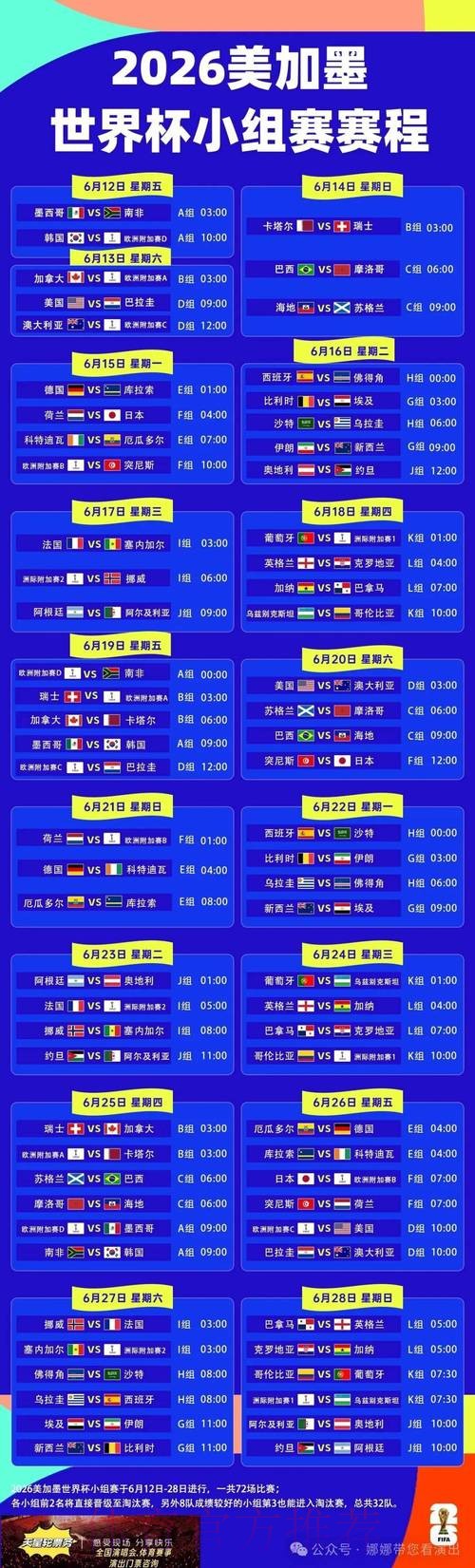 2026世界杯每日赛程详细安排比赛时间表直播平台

....................

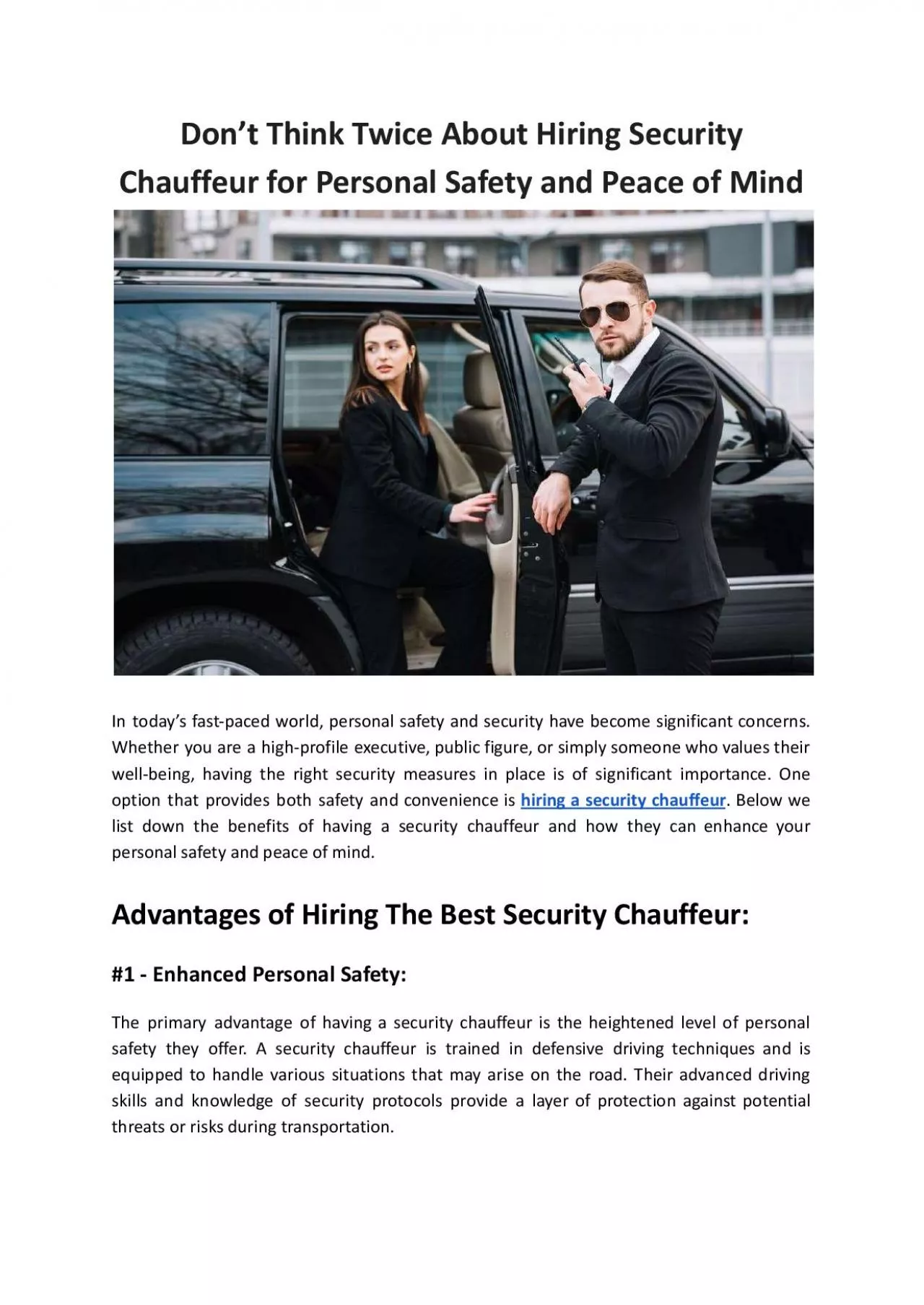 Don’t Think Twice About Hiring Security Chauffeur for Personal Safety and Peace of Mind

....................

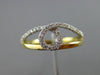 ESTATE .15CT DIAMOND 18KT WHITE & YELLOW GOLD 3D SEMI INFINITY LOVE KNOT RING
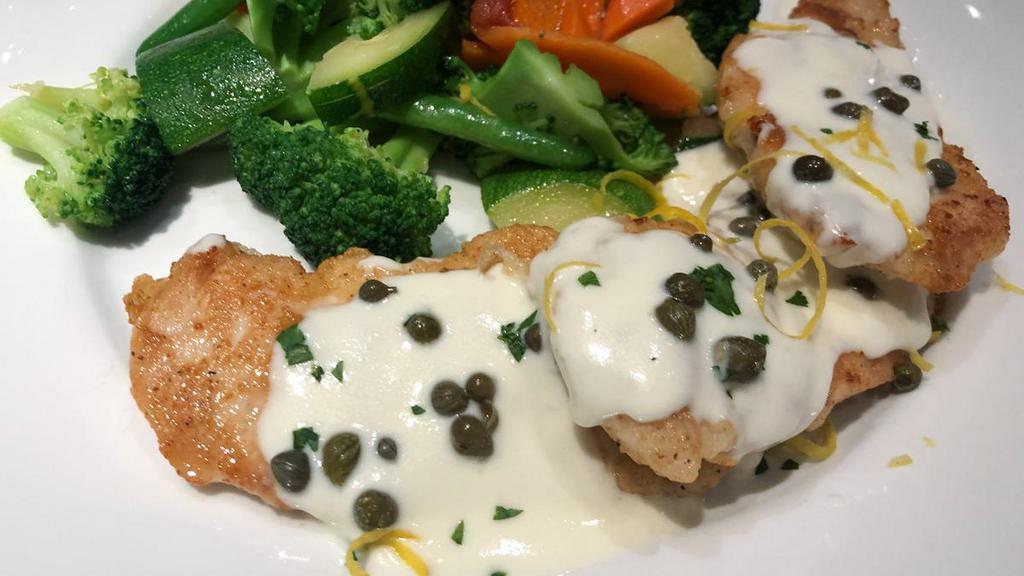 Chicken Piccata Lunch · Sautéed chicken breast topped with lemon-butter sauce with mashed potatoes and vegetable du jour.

....................

Keep to the lines above from the line with "ESTATE .15CT DIAMOND" to the line with "Chicken Piccata Lunch", and set down exactly those, inclusive, with nothing else and every picture left out.

- **WRITTEN ANSWER**:
 ESTATE .15CT DIAMOND 18KT WHITE & YELLOW GOLD 3D SEMI INFINITY LOVE KNOT RING
 Chicken Piccata Lunch · Sautéed chicken breast topped with lemon-butter sauce with mashed potatoes and vegetable du jour.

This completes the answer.